There is little disagreement about what’s going on; scientists have for years warned that our changing climate will cause both rainfall and droughts to intensify, making the wet wetter and the dry dryer, with ever-more-extreme impacts on rivers. The question now may be how to manage those climate-changed waterways and, specifically, what role dams should or should not play in mitigating against the kinds of disasters we’ve been seeing lately and will see more of.
Here, opinions diverge. Advocates say water storage dams will become more essential as buffers against extreme water flows by absorbing water during flooding and releasing it in times of drought. Dams, they say, can help combat climate change, which rising greenhouse gas emissions fuel, by producing renewable hydropower that is cleaner than energy derived from dirty fossil fuels.
“Dams and hydropower are not panaceas but are fundamental in climate mitigation and adaptation,” says Richard Taylor, a leading hydropower expert who runs a U.K.-based consulting company called RMT Renewables.
Not so, counter critics, who claim dams do more harm than good. Their arguments have long centered on the negative impact most dams have on biodiversity and river ecosystems, but increasingly a scientific case is also being made that dams actually worsen both floods and droughts. Critics also point to studies showing that reservoirs created by dams often emit far more harmful greenhouse gases than previously understood.
“Dams are a false climate solution,” says Isabella Winkler, who co-leads International Rivers, a U.S.-based advocacy group. “[They] have been touted as a source of green energy when they are anything but.”
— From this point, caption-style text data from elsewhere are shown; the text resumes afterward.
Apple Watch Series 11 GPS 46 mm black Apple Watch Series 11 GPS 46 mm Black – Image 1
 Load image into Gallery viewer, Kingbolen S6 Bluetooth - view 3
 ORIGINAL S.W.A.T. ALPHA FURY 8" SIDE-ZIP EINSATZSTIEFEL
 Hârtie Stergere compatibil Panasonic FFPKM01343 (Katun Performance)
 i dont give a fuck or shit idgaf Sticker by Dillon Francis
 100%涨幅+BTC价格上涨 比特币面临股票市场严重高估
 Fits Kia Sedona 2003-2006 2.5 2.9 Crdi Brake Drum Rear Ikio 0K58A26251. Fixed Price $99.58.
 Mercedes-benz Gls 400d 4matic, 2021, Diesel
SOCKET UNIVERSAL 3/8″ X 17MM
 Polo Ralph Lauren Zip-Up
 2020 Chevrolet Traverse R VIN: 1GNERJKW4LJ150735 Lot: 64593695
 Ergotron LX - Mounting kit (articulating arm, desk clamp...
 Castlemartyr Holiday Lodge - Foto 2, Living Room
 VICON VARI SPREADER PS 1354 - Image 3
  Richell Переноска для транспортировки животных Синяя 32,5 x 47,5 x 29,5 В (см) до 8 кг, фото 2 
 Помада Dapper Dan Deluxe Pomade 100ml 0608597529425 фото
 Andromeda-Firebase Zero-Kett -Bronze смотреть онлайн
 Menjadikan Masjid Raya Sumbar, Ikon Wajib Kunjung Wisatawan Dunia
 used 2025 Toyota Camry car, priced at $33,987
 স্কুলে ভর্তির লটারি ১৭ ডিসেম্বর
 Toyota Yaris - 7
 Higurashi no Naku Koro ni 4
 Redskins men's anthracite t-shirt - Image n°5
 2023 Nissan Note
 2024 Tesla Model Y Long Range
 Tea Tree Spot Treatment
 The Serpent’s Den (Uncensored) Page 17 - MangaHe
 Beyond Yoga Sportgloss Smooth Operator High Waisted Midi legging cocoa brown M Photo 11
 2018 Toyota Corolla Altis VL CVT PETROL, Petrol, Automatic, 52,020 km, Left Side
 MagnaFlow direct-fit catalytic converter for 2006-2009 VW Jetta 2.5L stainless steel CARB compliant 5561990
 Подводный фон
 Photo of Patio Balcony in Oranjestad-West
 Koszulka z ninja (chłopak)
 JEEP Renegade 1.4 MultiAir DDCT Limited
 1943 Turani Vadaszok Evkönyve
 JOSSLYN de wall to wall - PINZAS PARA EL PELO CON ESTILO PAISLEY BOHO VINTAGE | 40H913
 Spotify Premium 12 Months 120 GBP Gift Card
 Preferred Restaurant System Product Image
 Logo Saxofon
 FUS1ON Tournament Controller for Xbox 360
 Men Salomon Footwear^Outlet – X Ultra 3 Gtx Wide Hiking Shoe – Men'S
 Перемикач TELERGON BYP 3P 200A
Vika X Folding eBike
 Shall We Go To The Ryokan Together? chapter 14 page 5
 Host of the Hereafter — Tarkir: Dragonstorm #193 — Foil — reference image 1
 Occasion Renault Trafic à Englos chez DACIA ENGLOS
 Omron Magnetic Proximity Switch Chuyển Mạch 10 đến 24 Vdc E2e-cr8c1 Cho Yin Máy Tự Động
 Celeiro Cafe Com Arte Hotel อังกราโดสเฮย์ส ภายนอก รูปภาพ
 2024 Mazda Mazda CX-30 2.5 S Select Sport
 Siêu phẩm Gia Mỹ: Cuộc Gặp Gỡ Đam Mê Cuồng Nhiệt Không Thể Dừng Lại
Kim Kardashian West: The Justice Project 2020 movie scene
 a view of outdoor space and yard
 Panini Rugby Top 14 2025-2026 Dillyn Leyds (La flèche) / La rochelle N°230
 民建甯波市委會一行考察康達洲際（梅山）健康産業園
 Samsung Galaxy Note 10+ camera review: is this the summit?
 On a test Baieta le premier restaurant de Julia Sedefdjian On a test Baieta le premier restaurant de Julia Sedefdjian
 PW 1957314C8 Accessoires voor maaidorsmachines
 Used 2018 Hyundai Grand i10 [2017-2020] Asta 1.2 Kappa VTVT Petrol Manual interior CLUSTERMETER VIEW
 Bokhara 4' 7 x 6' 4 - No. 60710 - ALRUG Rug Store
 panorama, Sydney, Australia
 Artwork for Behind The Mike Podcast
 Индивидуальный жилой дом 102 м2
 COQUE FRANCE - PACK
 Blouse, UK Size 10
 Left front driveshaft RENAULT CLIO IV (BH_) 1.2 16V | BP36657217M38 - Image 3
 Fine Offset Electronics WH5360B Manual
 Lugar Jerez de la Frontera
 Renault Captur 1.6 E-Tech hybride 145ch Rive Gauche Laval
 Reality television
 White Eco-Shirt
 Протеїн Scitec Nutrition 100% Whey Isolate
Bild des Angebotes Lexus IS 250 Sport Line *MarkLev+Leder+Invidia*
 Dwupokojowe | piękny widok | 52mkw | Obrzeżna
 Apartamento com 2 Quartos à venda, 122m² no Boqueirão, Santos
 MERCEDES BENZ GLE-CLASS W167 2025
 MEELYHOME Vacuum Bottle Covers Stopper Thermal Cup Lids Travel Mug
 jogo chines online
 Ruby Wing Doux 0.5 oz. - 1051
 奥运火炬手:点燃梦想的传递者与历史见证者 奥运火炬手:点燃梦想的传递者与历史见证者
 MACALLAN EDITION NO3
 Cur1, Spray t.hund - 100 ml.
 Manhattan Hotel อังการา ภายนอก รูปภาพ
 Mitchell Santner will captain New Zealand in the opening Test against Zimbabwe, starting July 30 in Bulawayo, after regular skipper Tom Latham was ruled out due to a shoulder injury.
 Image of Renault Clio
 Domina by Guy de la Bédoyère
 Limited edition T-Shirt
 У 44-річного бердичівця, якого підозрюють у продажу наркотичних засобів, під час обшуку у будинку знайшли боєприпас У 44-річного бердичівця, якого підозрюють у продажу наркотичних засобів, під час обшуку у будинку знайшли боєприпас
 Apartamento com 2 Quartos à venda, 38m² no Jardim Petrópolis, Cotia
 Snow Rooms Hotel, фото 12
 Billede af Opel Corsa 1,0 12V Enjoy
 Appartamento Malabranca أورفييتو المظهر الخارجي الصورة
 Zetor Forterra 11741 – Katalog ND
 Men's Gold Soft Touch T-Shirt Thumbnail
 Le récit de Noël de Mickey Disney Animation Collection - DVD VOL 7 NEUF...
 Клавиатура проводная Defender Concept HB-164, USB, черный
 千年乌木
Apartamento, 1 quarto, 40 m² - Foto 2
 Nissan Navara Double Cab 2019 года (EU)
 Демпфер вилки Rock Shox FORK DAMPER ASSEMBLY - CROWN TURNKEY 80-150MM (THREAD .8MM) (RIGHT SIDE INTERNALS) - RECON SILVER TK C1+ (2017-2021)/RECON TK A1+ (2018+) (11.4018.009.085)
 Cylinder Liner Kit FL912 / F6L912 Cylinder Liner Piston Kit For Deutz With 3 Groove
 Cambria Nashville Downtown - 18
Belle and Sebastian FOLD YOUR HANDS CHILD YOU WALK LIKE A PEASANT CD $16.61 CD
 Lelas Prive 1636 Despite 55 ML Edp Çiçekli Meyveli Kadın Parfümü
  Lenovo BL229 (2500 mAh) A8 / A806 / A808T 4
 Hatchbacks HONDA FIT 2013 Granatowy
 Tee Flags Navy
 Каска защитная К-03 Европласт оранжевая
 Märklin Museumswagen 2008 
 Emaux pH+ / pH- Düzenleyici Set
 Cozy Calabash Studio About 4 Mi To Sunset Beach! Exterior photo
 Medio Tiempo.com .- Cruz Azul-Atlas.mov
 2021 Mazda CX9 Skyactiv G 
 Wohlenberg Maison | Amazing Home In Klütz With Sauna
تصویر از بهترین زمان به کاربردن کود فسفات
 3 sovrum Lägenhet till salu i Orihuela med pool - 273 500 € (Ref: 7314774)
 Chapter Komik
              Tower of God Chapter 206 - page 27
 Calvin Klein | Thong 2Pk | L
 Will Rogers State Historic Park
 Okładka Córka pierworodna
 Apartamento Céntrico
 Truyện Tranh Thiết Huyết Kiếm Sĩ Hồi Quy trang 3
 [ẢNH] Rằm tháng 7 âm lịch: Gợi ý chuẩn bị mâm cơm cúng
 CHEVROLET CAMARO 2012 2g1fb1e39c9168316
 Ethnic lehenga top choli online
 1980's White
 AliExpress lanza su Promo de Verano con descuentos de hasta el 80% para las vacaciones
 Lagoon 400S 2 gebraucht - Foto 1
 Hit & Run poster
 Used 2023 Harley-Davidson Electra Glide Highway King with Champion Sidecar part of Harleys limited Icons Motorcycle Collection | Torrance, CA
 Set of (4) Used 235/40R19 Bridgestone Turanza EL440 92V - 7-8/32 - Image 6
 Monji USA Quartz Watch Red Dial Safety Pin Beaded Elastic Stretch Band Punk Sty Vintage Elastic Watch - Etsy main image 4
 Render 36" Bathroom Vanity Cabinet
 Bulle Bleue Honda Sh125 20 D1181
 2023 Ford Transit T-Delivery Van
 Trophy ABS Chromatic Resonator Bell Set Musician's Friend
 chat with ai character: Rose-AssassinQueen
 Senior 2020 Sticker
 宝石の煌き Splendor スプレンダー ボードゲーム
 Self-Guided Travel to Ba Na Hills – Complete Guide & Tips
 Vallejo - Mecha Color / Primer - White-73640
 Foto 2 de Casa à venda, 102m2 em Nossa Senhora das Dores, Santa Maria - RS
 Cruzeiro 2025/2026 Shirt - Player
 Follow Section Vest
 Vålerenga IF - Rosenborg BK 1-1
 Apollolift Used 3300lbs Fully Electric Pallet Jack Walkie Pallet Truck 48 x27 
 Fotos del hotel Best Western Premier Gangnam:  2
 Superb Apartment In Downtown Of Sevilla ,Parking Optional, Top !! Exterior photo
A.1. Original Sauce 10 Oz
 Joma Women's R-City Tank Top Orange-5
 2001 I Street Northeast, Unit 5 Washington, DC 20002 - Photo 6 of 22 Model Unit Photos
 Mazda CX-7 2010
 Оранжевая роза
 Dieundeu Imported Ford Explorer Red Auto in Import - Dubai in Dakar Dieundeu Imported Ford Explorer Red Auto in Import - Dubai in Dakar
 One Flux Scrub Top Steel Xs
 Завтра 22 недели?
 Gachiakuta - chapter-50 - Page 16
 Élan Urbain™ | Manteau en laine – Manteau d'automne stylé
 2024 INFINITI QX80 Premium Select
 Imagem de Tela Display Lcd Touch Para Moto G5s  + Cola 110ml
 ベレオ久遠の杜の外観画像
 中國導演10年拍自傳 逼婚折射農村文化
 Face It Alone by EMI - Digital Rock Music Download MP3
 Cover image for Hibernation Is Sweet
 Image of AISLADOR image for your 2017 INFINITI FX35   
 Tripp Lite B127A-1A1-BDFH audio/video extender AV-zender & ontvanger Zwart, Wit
For millennia, dams have been built across rivers and streams to irrigate farms, provide drinking water, and prevent flooding. During the industrialization of Europe in the late 1800s, large dams were built for electricity generation, and the early 1900s ushered in an era of massive hydropower projects in the United States.
In recent decades, few large dams have been constructed in North America or Europe, with most rivers there already chock full. In other parts of the world, hydropower development has ramped up, though it peaked globally in 2013 with megadams built in China and Brazil. Today, hydropower supplies 17 percent of global electricity generation, the third largest source after coal and natural gas.
Countries as diverse as Paraguay, Nepal, Norway, and the Democratic Republic of Congo rely on hydropower for almost all their electricity production. For others, like The Netherlands, which is located largely at or below sea level, flood control structures, including dams, are seen as an existential necessity.
In the American Southwest, agriculture and a population of 40 million people depend on water drawn from dams along the Lower Colorado River. “The West would look very different if these [dams] were not there,” says Upmanu Lall, the director of the Columbia (University) Water Center in New York.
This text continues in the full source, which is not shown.